A set of Riemannian manifolds is a \(k\)-expander family if their \(k\)-waists are bounded below by a positive multiple of their volume, i.e. any map to \(k\)-dimensional space has a fiber of volume comparable to the ambient space. Constructing bounded-geometry examples for \(k > 1\) was a difficult problem posed by Gromov, with the first solutions coming from cosystolic expander CW-complexes - complexes satisfying a system of isoperimetric inequalities in mod 2 cohomology. It has been recently observed that non-abelian generalizations of cosystolic expansion can be used to prove representation stability, where approximate homomorphisms between groups are shown to be close to true ones. In my talk, I will present a different approach to (non-abelian) higher expansion using minimal submanifolds and the geometry of locally symmetric spaces.
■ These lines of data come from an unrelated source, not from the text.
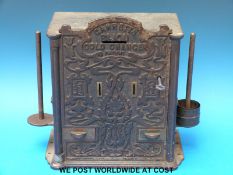 A Victorian Garretts 'Bijon gold charger' of cast iron construction and Art Nouveau design with key.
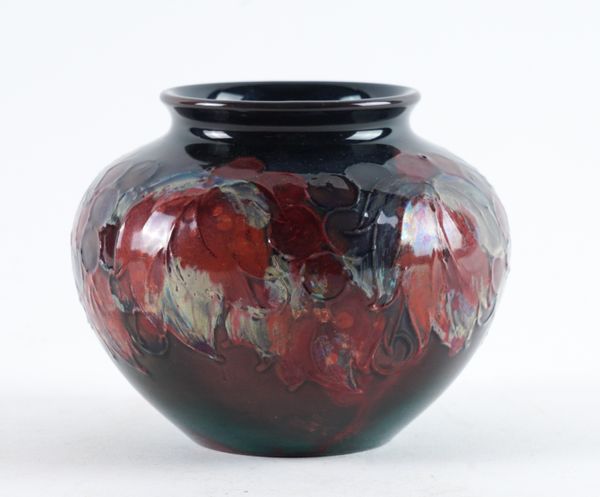 A SMALL MOORCROFT FLAMBE SQUAT VASE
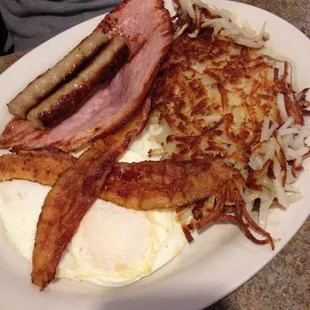 Bacon, eggs, sausage, has browns, ham and toast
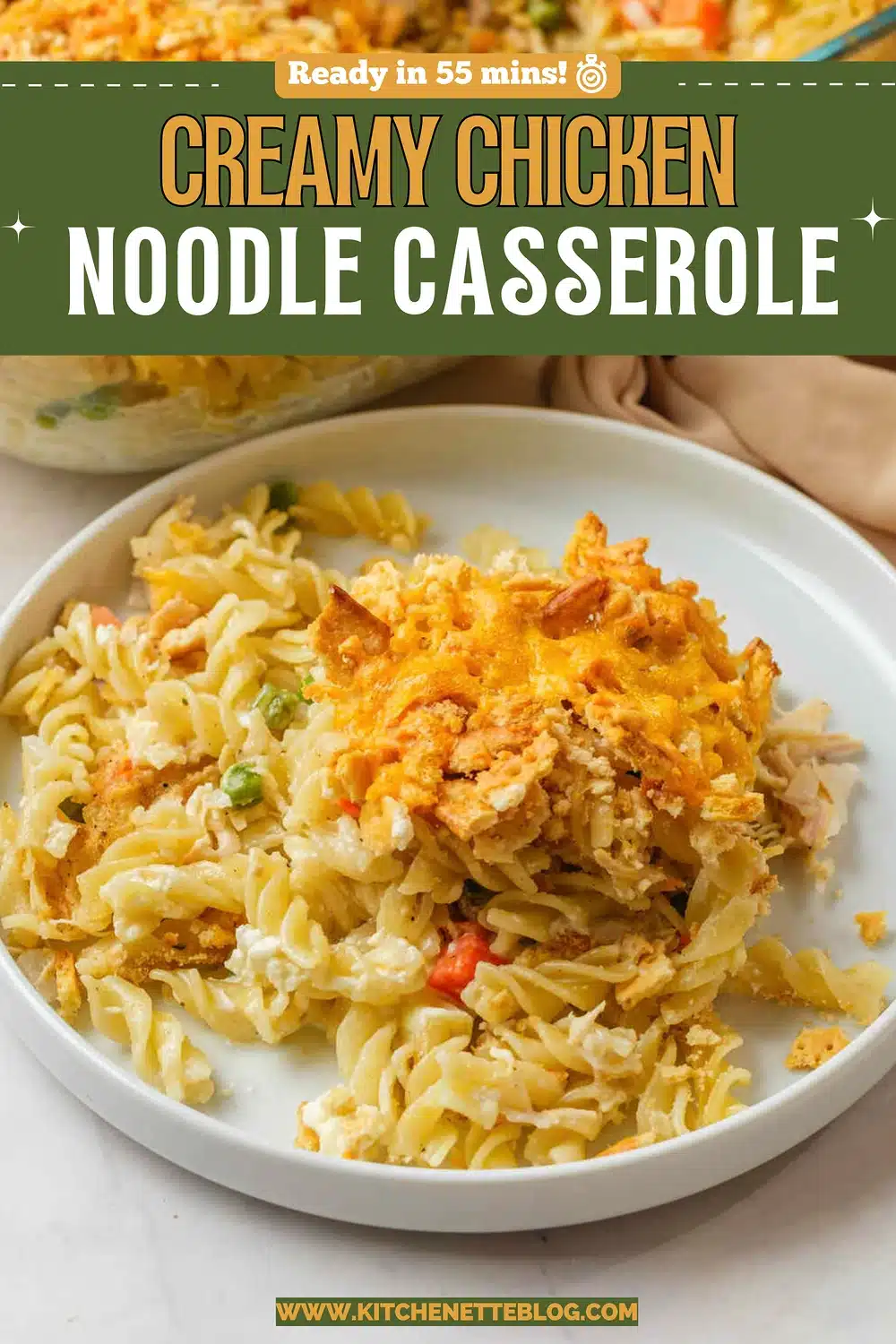 A plate of spiral pasta in a cream sauce with a golden cracker and cheese topping, with the baking dish behind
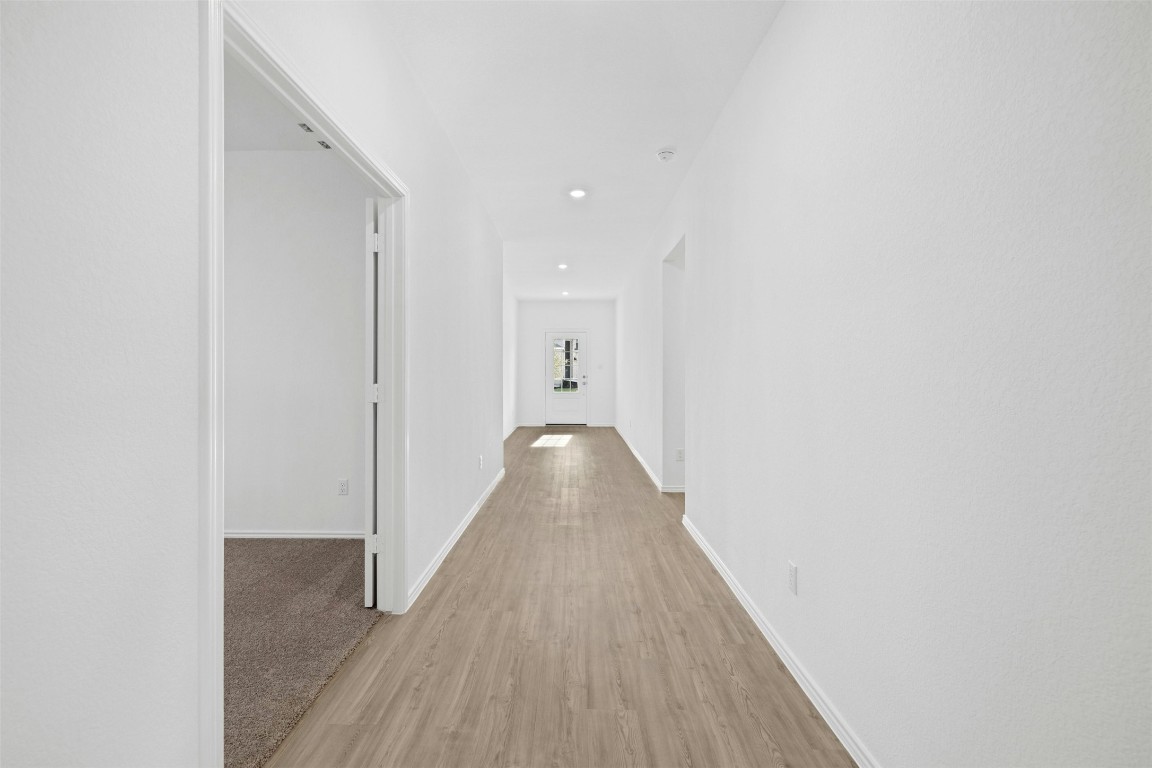 1804 Boggy Crk Rnch Road Georgetown, TX 78628 - Photo 17 of 28 a view of a hallway with wooden floor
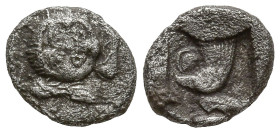 ASIA MINOR. Uncertain. (circa 550-400 centuries BC)
AR Tetartemorion (6.1mm 0.23g)
Obv: Facing gorgoneion, with mouth open and tongue protruding.
R...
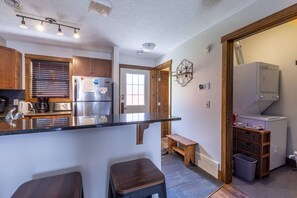 A kitchen with a central island, wooden cabinets, a built-in oven, and a refrigerator.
Based on a joint work with Ben Lowe.

October 24, 2025

Limit Measures for Topologically and Geometrically Random Surfaces

Abstract:

An immersed surface \(S\) in a Riemannian manifold \(M\) induces a probability measure on the space \(G_2(M)\) of two-planes in the tangent bundle of \(M\). If \(M\) is a hyperbolic 3-manifold and \(S_n\) is a sequence of surfaces with principal curvatures going to zero, then any weak* limit of their induced measures is a convex combination of the Liouville (equidistributed) measure on \(G_2(M)\), and measures that come from immersed totally geodesic surfaces in \(M\). We consider two ways of generating a “random” nearly geodesic surface in \(M\), one by bounding the genus, and the other by bounding the area. We show that limits of the measures in the former case must come exclusively from the totally geodesic surfaces (if there are any in \(M\)), while limits in the latter case must have some portion that is equidistributed.

This is joint work with V. Markovic and I. Smilga.